OpenCV detection with different colorspace


I am using opencv to detect objects with cascade classifiers trained on grayscale images and then testing detection on different color spaces (images initially color) and calculating precision/recall/harmonic mean.
im wondering why i get the same results for greyscale and rgb but different in other colorspaces?

      # Read the image
    image = cv2.imread(imagePath)


    # convert to grayscale (default algorithm)
    if colorspace == "gray":
        colorCVT = cv2.cvtColor(image, cv2.COLOR_BGR2GRAY)
    elif colorspace == "hsv":
        colorCVT = cv2.cvtColor(image, cv2.COLOR_BGR2HSV)
    elif colorspace == "hls":
        colorCVT = cv2.cvtColor(image, cv2.COLOR_BGR2HLS)
    elif colorspace == "lab":
        colorCVT = cv2.cvtColor(image, cv2.COLOR_BGR2LAB)
    elif colorspace == "luv":
        colorCVT = cv2.cvtColor(image, cv2.COLOR_BGR2LUV)
    elif colorspace == "yuv":
        colorCVT = cv2.cvtColor(image, cv2.COLOR_BGR2YUV)
    elif colorCVT --"rgb"
        colorspace = cv2.cvtColor(image, cv2.COLOR_BGR2RGB)
    else:
        colorCVT = image

    print('using color mode: '+colorspace)

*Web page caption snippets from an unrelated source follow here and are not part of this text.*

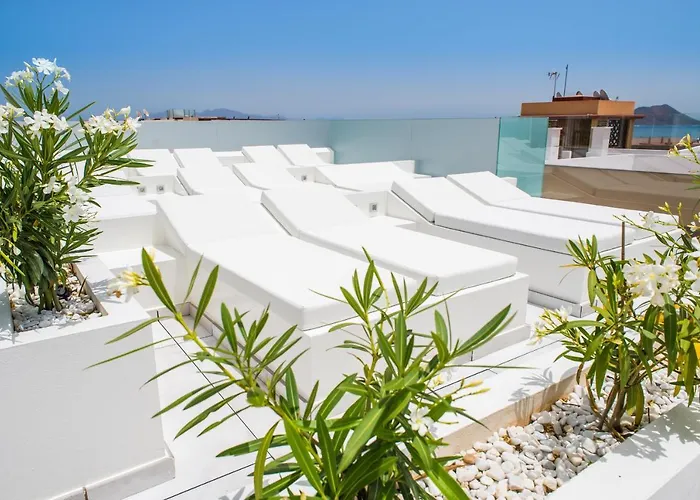 Vacanzy Urban Boutique Adults Only 2* Corralejo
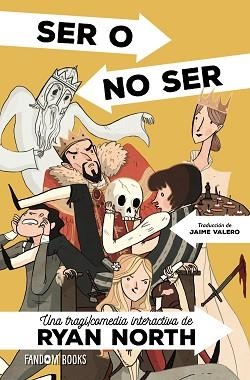 SER O NO SER | 9788419831248 | NORTH, RYAN | Llibreria Aqualata | Comprar llibres en català i castellà online | Comprar llibres Igualada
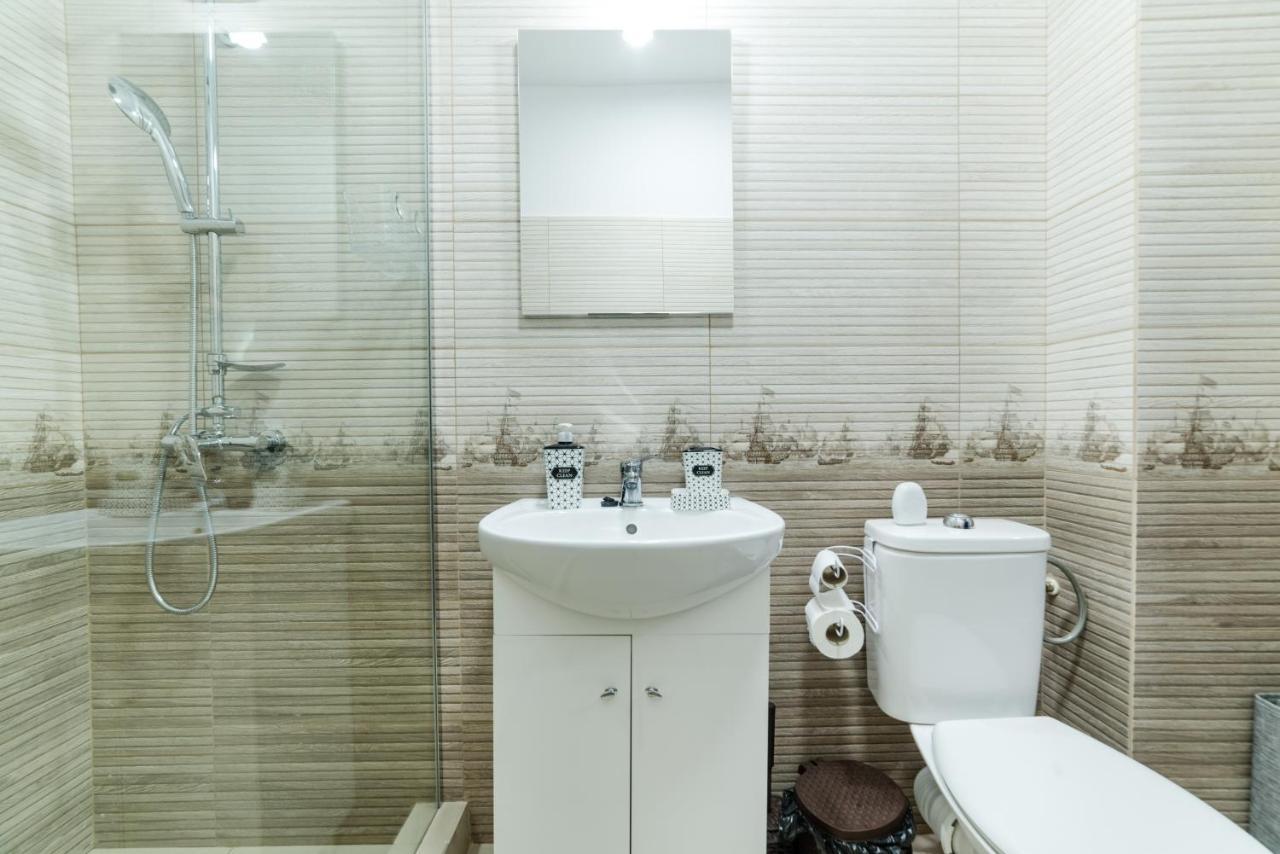 Derya Suites - Mamaia Nord Năvodari المظهر الخارجي الصورة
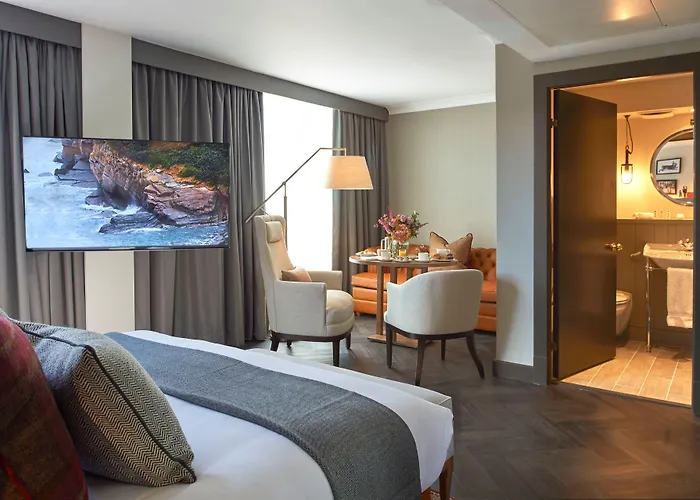 Kimpton Charlotte Square By Ihg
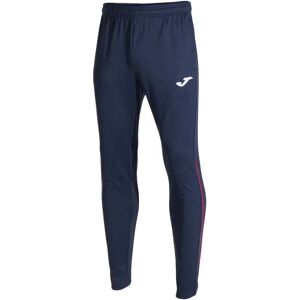 Joma Championship Viii Pants Navy / Red S Men Joma Championship Viii Pants Navy / Red S Men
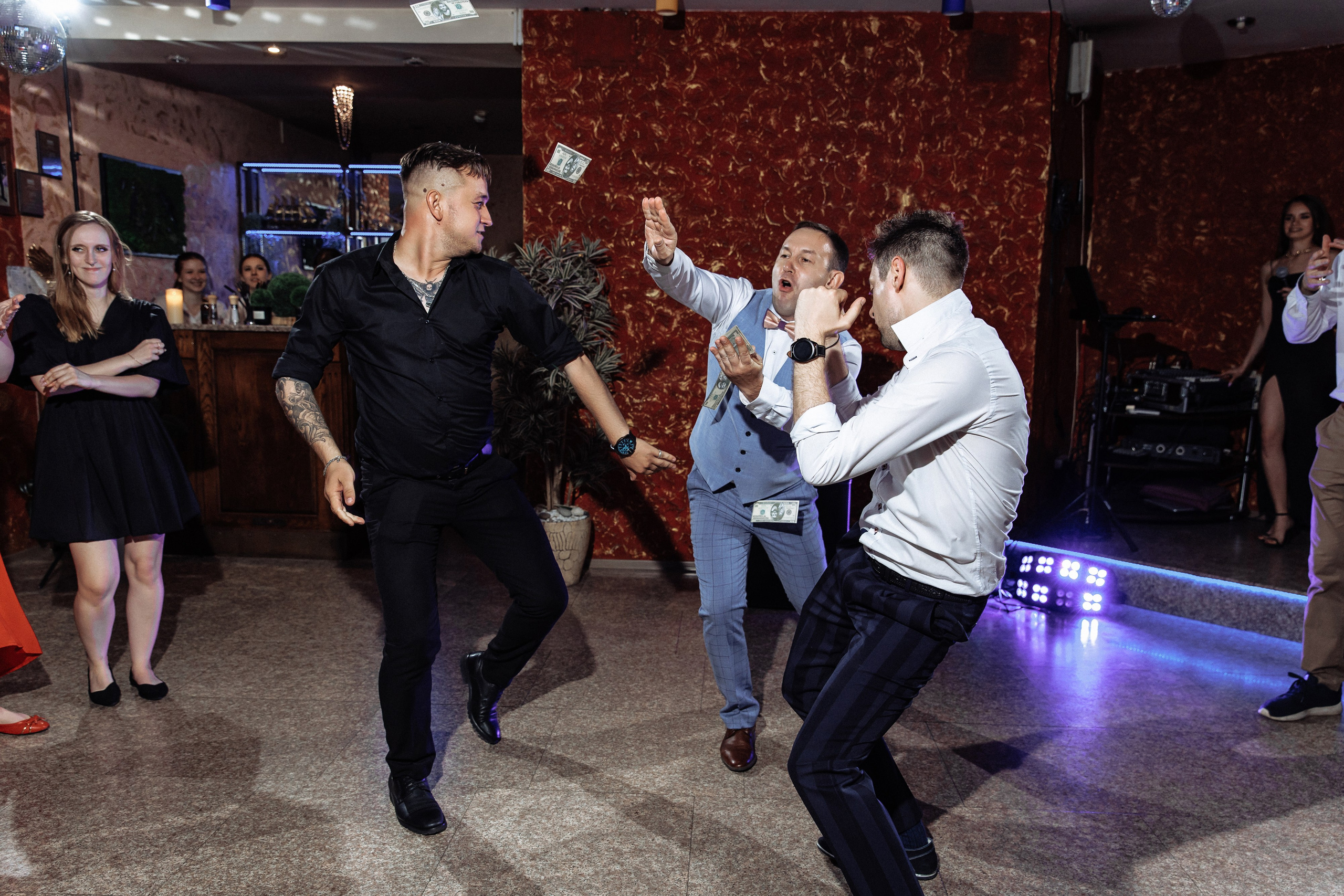 Анонс свадьбы Аня и Кирилл. Свадебный фотограф в Воронеже Денис Коровин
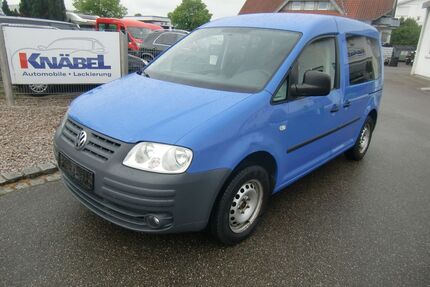 VW Caddy Gebrauchtwagen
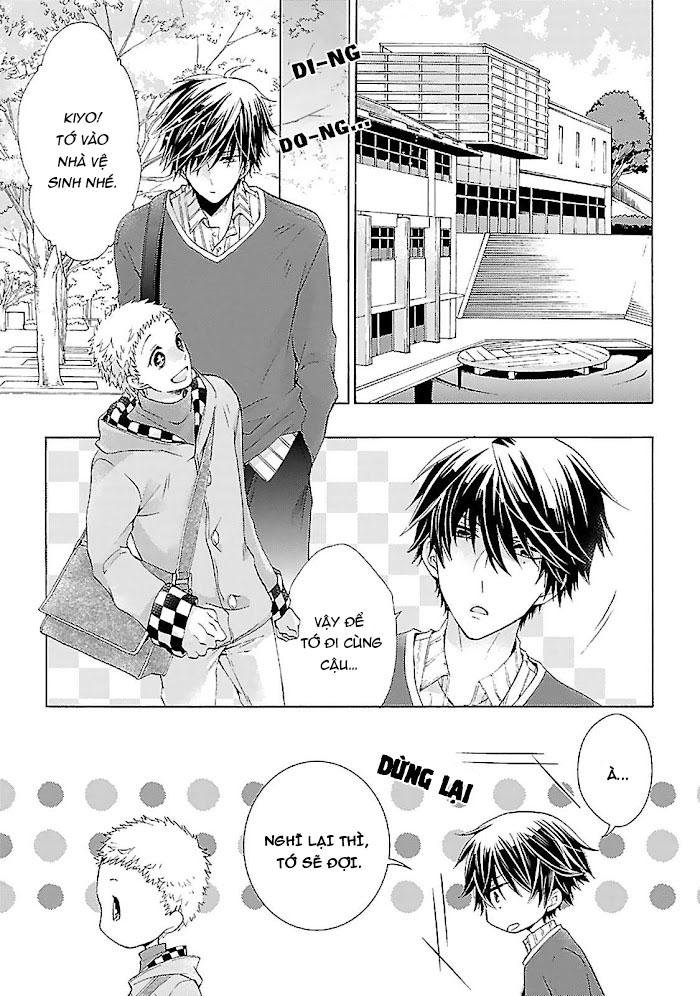 chú chó nhà bên chapter 3 7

    with open(outputFilename, 'a') as results:
        results.write("Running detection on image:  "+imagePath +"\n")
        results.write("Detecting using trained classifier: "+cascadePath +"\n")
    # results.close()


    # training PARAMS
    SCALE_FACTOR = 1.02
    MIN_NEIGHBORS = 5
    MIN_SIZE = (10,10)
    MAX_SIZE = (128,128)

    # Detect objects in the image
    objects = trainedCascade.detectMultiScale(
        colorCVT,
        scaleFactor=SCALE_FACTOR,
        minNeighbors=MIN_NEIGHBORS,
        minSize=MIN_SIZE,
        maxSize=MAX_SIZE,
        flags = cv2.cv.CV_HAAR_SCALE_IMAGE
    )

Solution

  • If you look at the API for detectMultiScale, you will see that it expects the image to be grayscale. I assume that if it encounters a 3-channel image (be it BGR, HSV, or whatever), it tries to do a conversion to grayscale first.

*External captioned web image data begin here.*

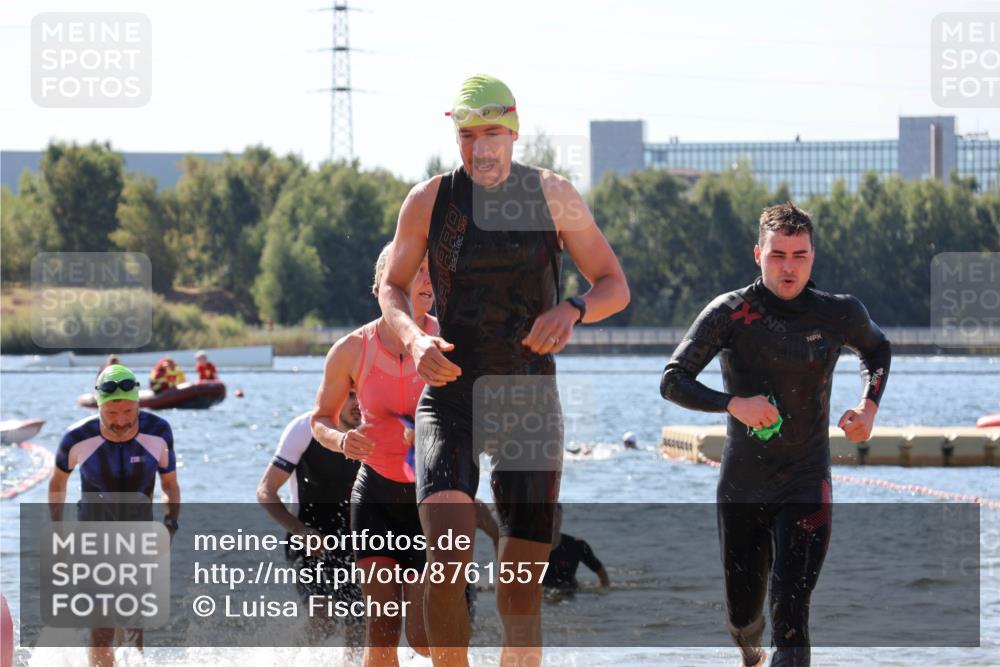 07.09.2025 - 19. Norderstedt Triathlon Luisa Fischer http://msf.ph/oto/8761557 07.09.2025 12:09:18 Schwimmen 167, 171, 735, 798, 847, 1376 meine-sportfotos.de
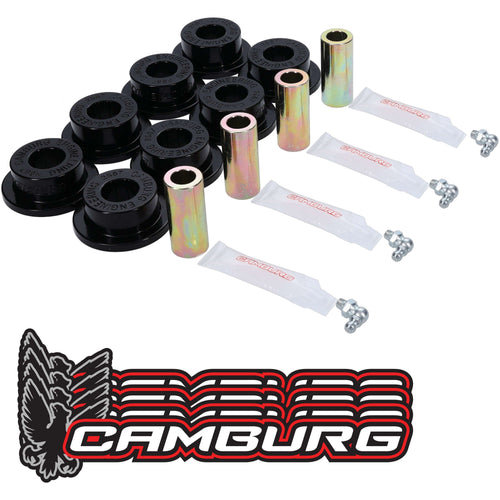Camburg 96'-02' 4Runner / 96'-04' Tacoma Pre Runner UCA Bushing/Sleeve Kit CAM-310022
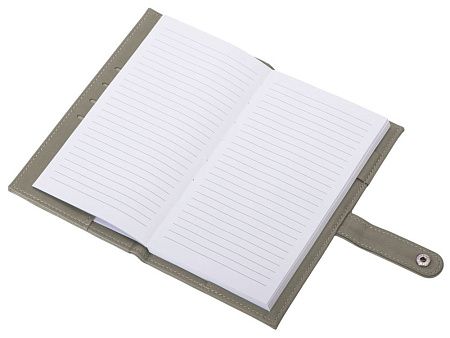 Блокнот-портфолио А6 «Wall Street»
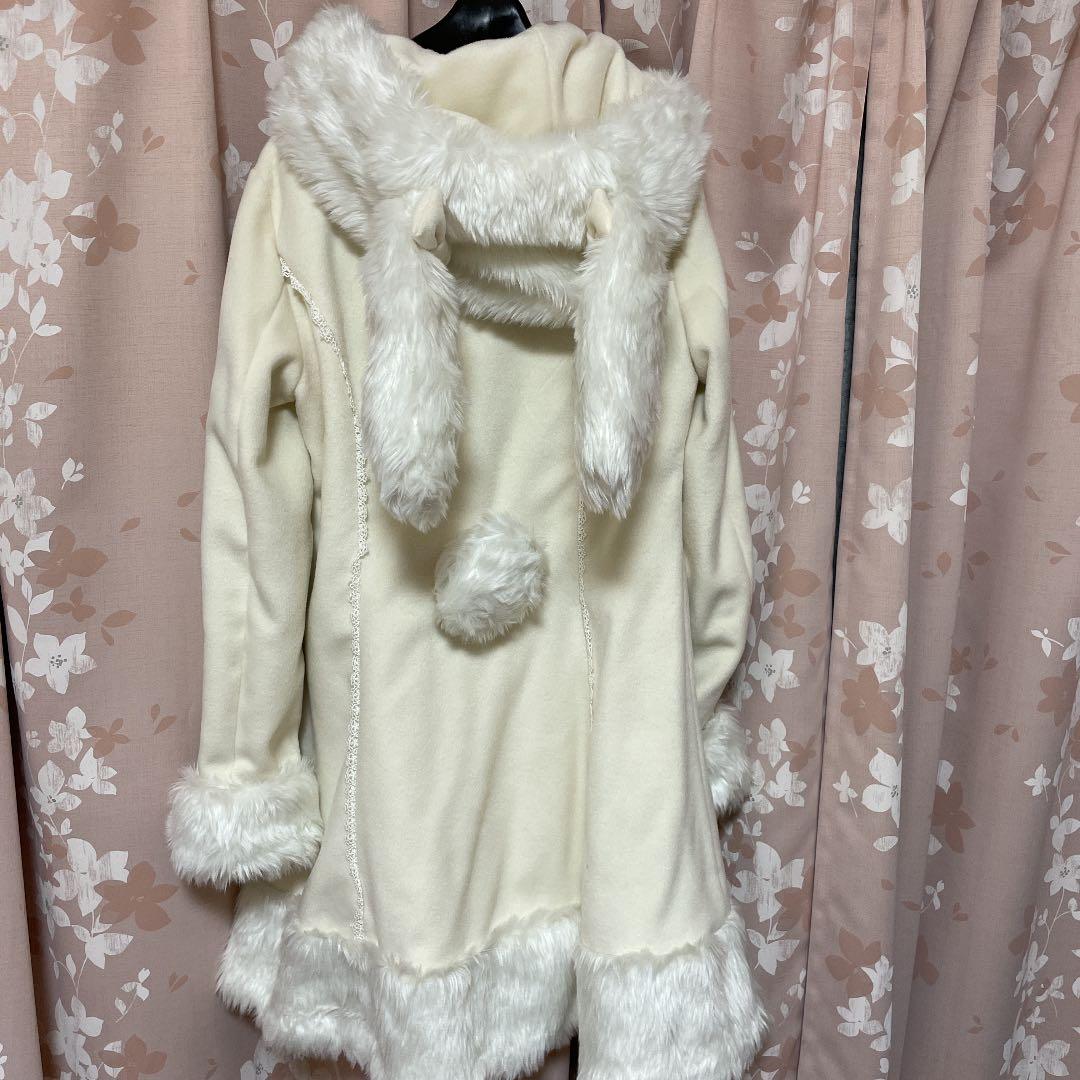 夢展望 シナモロール15周年記念 コラボコートMサイズ シナモン - メルカリ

    Unfortunately, when presented with a 3-channel image, OpenCV has no way of knowing which colorspace that image is using since there is no metadata to indicate such a thing. This limitation is apparent even in the cvtColor call where you have to specify both the source and the destination colorspaces. So in the case of a 3-channel image argument to detectMultiScale, it appears to always guess RGB (or maybe BGR? your code on BGR2RGB seems buggy) as the colorspace, and of course that is only correct if that is actually the colorspace.